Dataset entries
_ _ _ _ _ _ _
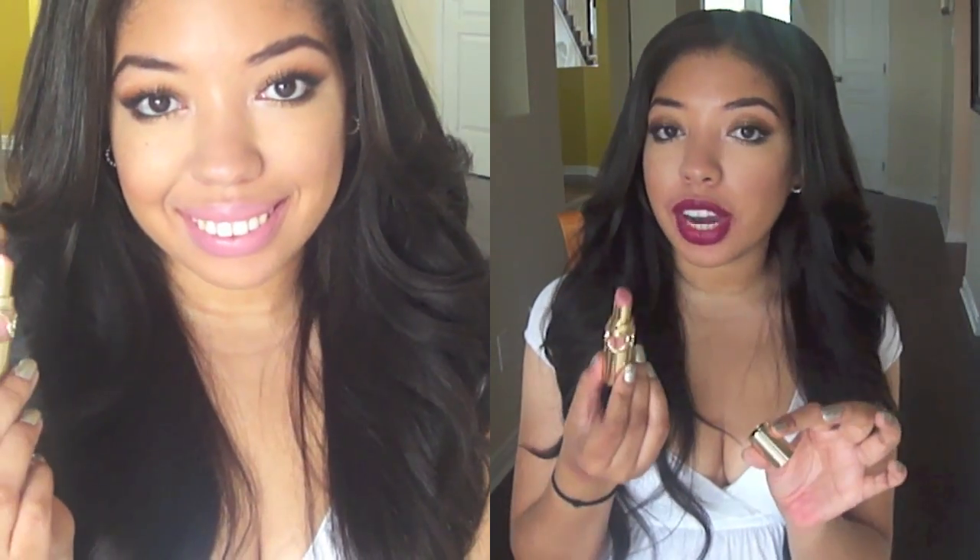First we have shade number one, which is Nude Beige. This is a neutral nude pink-rose color — very gorgeous. I love it with a smoky eye. Even though it's pale, it works really nicely on tan skins too, so I think a variety of skin tones can wear this one.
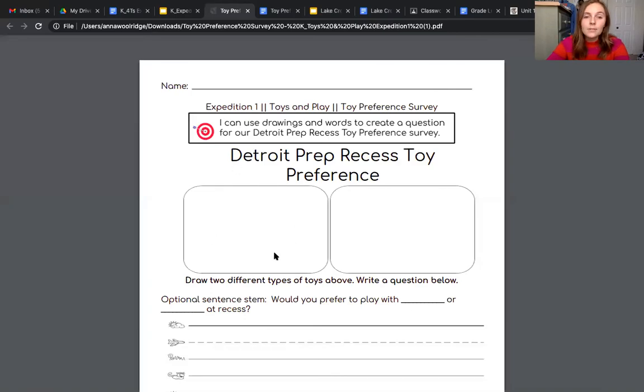So now friends it is your turn. I want you to think of one inside toy and one outside toy — they can either be something from our sort or something new that you think of. Then you're going to take out your expedition work, which is going to look just like this. In one of the boxes I want you to draw an inside toy and in the other box I want you to draw an outside toy. Today you're only doing the drawing — there's no writing quite yet. We'll work on our sentence and our toy preference survey question the rest of the week. I can't wait to see what toys you think of.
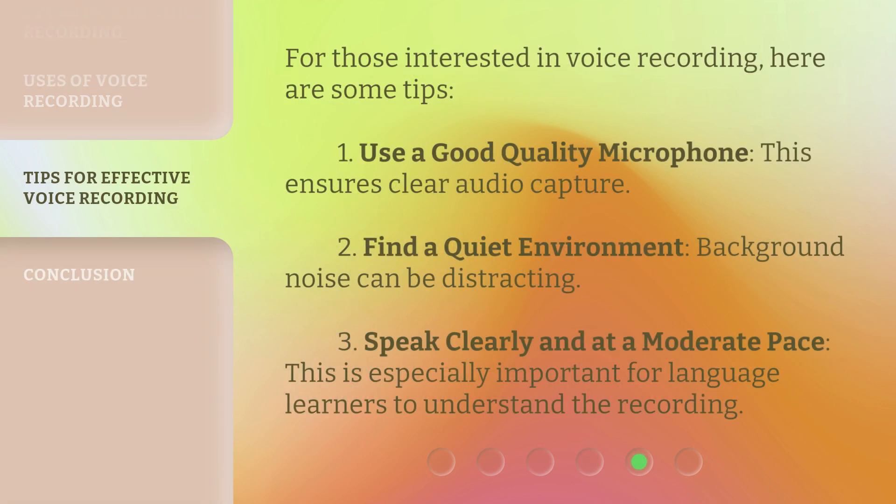For those interested in voice recording, here are some tips. First, use a good quality microphone — this ensures clear audio capture. Second, find a quiet environment, as background noise can be distracting. Third, speak clearly and at a moderate pace, which is especially important for language learners to understand the recording.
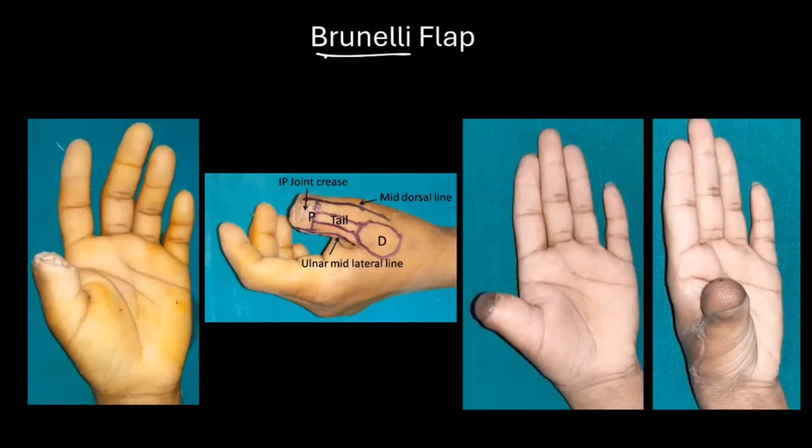This is the Brunelli flap, another homodigital flap for managing thumb defects. The scar on the donor side is one of the important drawbacks of the homodigital flap, especially when the scar is on the volar aspect of the finger. This scar can occasionally be painful or sensitive, especially during activities which apply pressure on the pulp — although rare, it is a definite possibility.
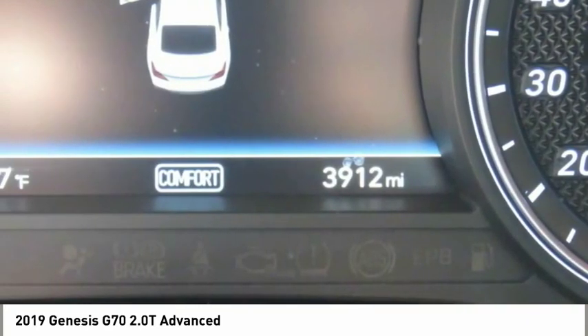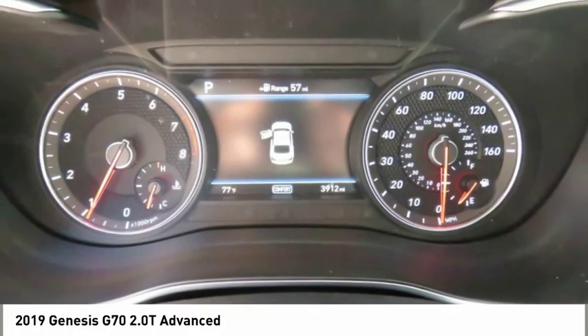Take this vehicle for a spin and see why so many shoppers are now proud owners.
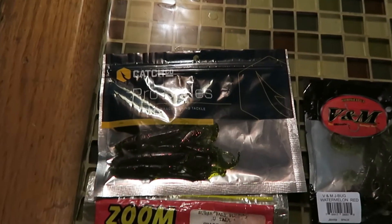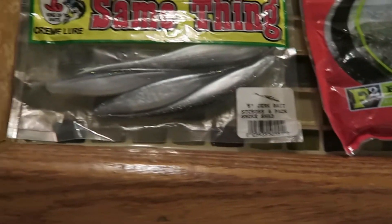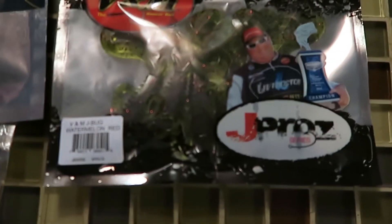I'll show you guys all the things you can win right now. First we've got all these soft plastics right here: ribbon tail worms, flukes, orange craws, green grubs, green ribbon tails, more craws and even more craws.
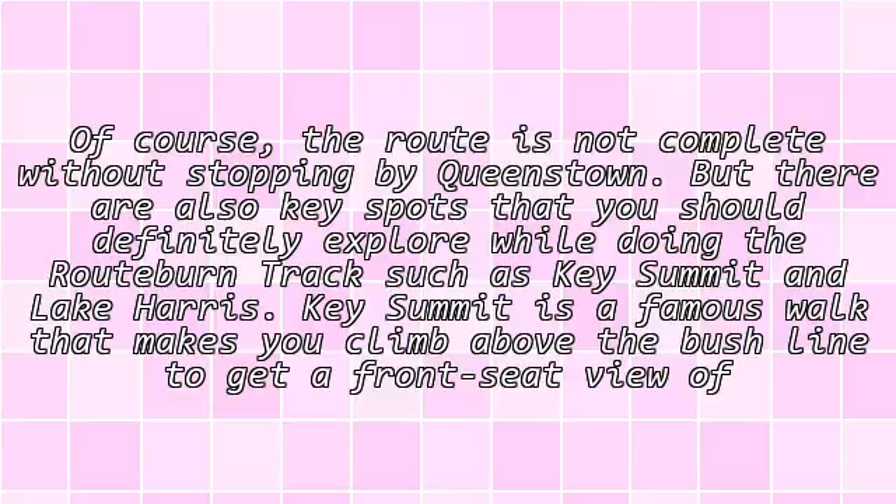Of course, the route is not complete without stopping by Queenstown. But there are also key spots that you should definitely explore while doing the Routeburn Track, such as Key Summit and Lake Harris.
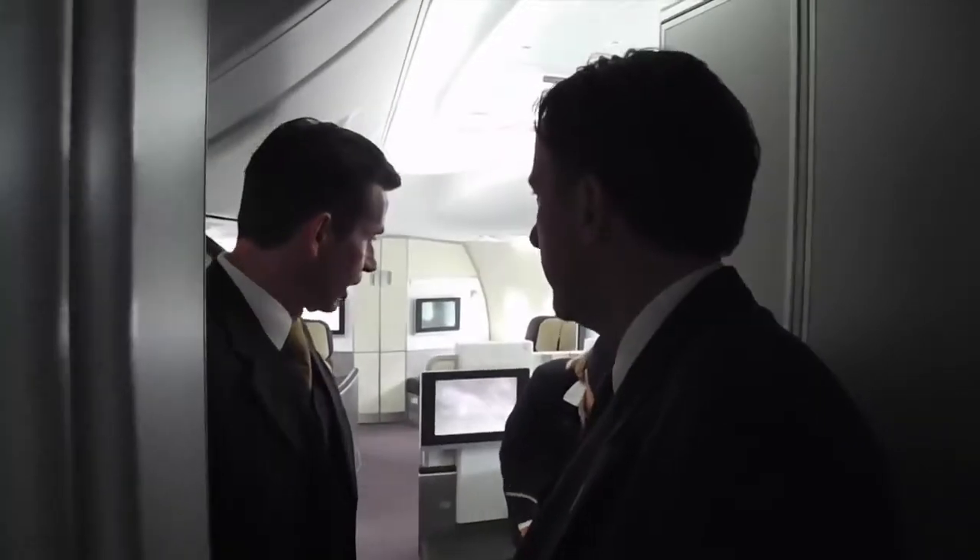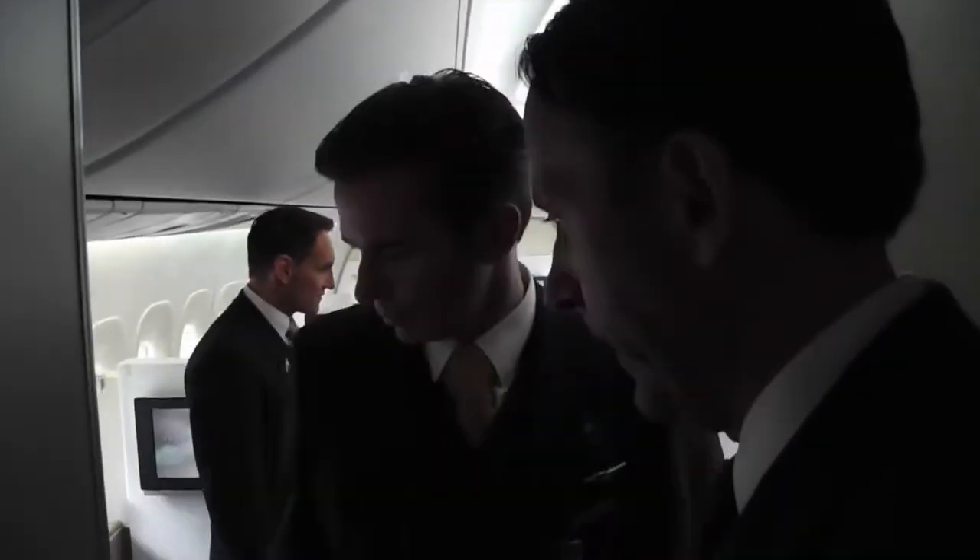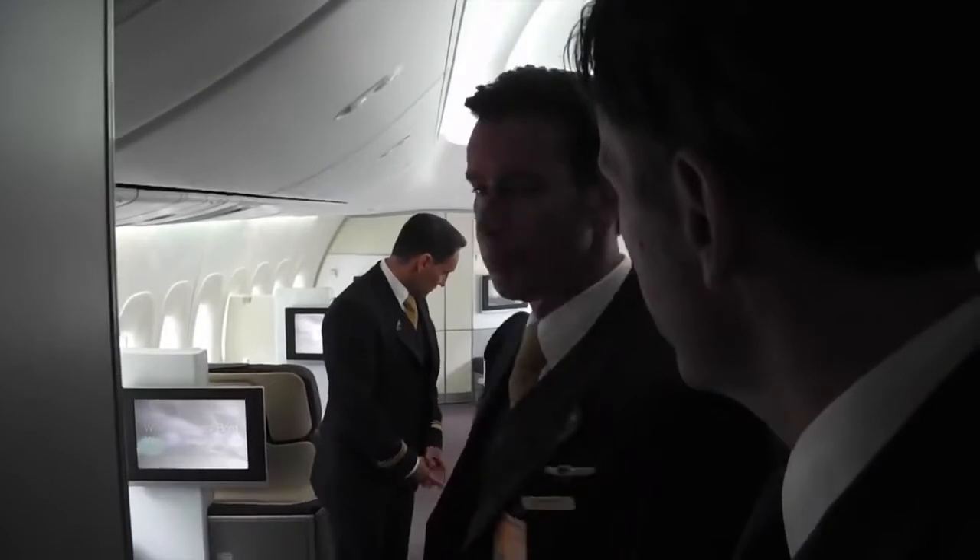So hello — everything is fine, we are just checking the cabin. And it seems to be perfectly done.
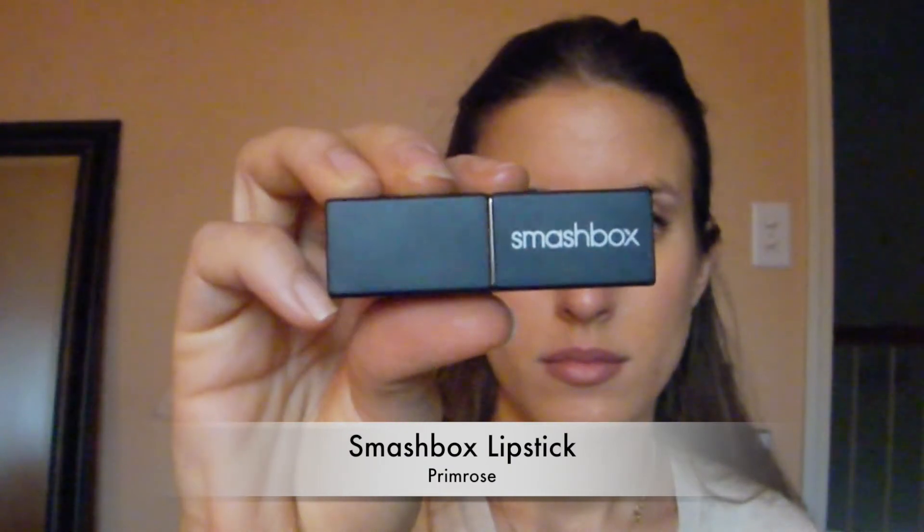For lip color I'm applying Smashbox lipstick in primrose. This is really great for a natural everyday makeup routine because it's kind of a cross between a nude and a pink lipstick. I wanted to find something as close to my natural lip color as possible but still give it a little bit of oomph. It's a kind of dusty rose color, super creamy with a little bit of shine.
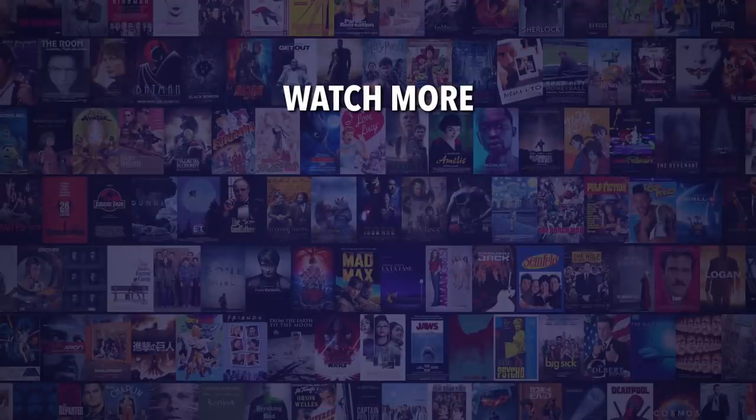Do you agree with our picks? Check out this other recent clip from WatchMojo, and be sure to subscribe and ring the bell to be notified about our latest videos.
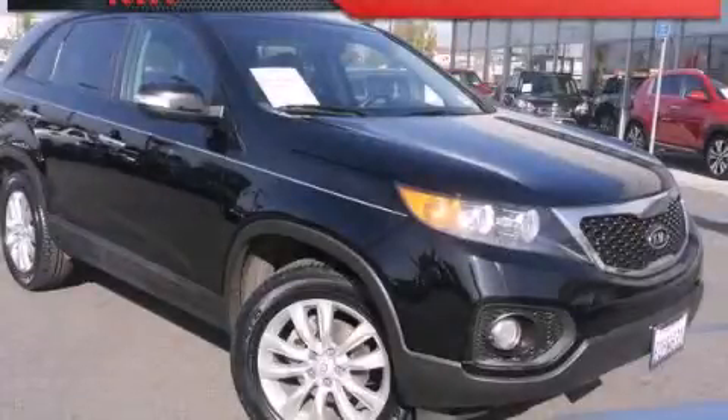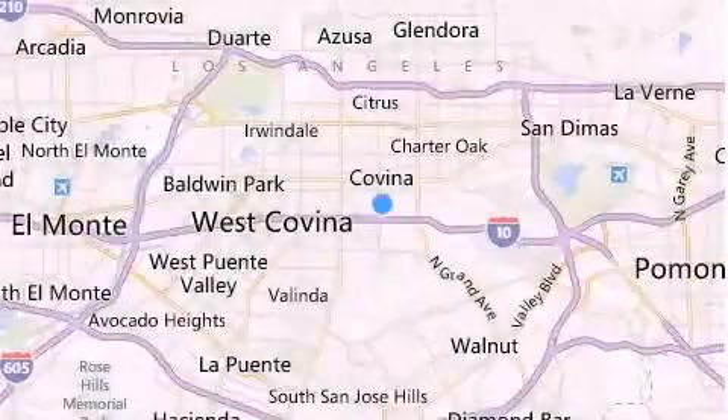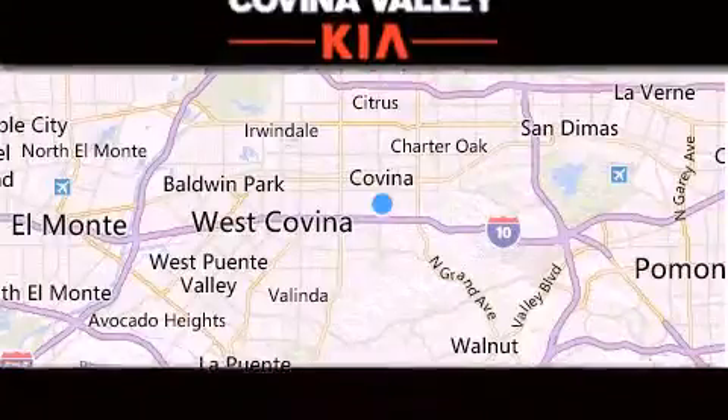Stop by today and test drive this automobile for yourself. Thank you for considering Covina Valley Kia for your next luxury vehicle.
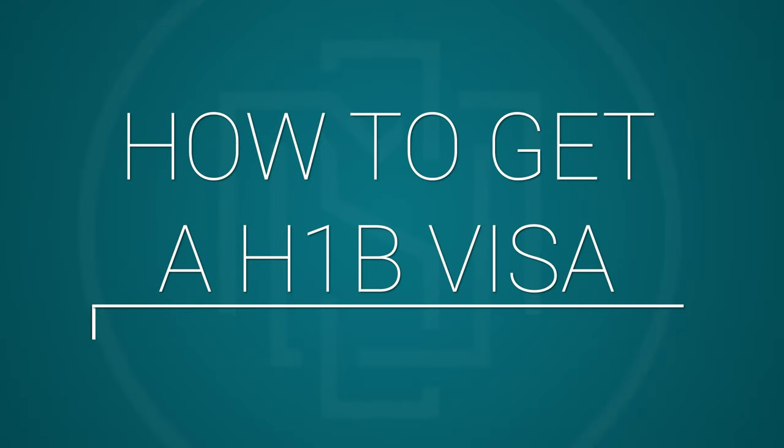How does one get an H-1B visa? Each year, the government runs a selection process. There are 85,000 H-1B slots available every year, but there are many more employers that want them. In 2021, the government received 275,000 applications to participate in this program. It selected 87,500 applications in the month of March for filing at the beginning of April, and the filing period was conducted through June 30.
_ _ _ _ _ _ _
Could you transcribe all of the data exactly, keeping every picture out of the copy?

First we have shade number one, which is Nude Beige. This is a neutral nude pink-rose color — very gorgeous. I love it with a smoky eye. Even though it's pale, it works really nicely on tan skins too, so I think a variety of skin tones can wear this one.
So now friends it is your turn. I want you to think of one inside toy and one outside toy — they can either be something from our sort or something new that you think of. Then you're going to take out your expedition work, which is going to look just like this. In one of the boxes I want you to draw an inside toy and in the other box I want you to draw an outside toy. Today you're only doing the drawing — there's no writing quite yet. We'll work on our sentence and our toy preference survey question the rest of the week. I can't wait to see what toys you think of.
For those interested in voice recording, here are some tips. First, use a good quality microphone — this ensures clear audio capture. Second, find a quiet environment, as background noise can be distracting. Third, speak clearly and at a moderate pace, which is especially important for language learners to understand the recording.
This is the Brunelli flap, another homodigital flap for managing thumb defects. The scar on the donor side is one of the important drawbacks of the homodigital flap, especially when the scar is on the volar aspect of the finger. This scar can occasionally be painful or sensitive, especially during activities which apply pressure on the pulp — although rare, it is a definite possibility.
Take this vehicle for a spin and see why so many shoppers are now proud owners.
I'll show you guys all the things you can win right now. First we've got all these soft plastics right here: ribbon tail worms, flukes, orange craws, green grubs, green ribbon tails, more craws and even more craws.
Of course, the route is not complete without stopping by Queenstown. But there are also key spots that you should definitely explore while doing the Routeburn Track, such as Key Summit and Lake Harris.
So hello — everything is fine, we are just checking the cabin. And it seems to be perfectly done.
For lip color I'm applying Smashbox lipstick in primrose. This is really great for a natural everyday makeup routine because it's kind of a cross between a nude and a pink lipstick. I wanted to find something as close to my natural lip color as possible but still give it a little bit of oomph. It's a kind of dusty rose color, super creamy with a little bit of shine.
Do you agree with our picks? Check out this other recent clip from WatchMojo, and be sure to subscribe and ring the bell to be notified about our latest videos.
Stop by today and test drive this automobile for yourself. Thank you for considering Covina Valley Kia for your next luxury vehicle.
How does one get an H-1B visa? Each year, the government runs a selection process. There are 85,000 H-1B slots available every year, but there are many more employers that want them. In 2021, the government received 275,000 applications to participate in this program. It selected 87,500 applications in the month of March for filing at the beginning of April, and the filing period was conducted through June 30.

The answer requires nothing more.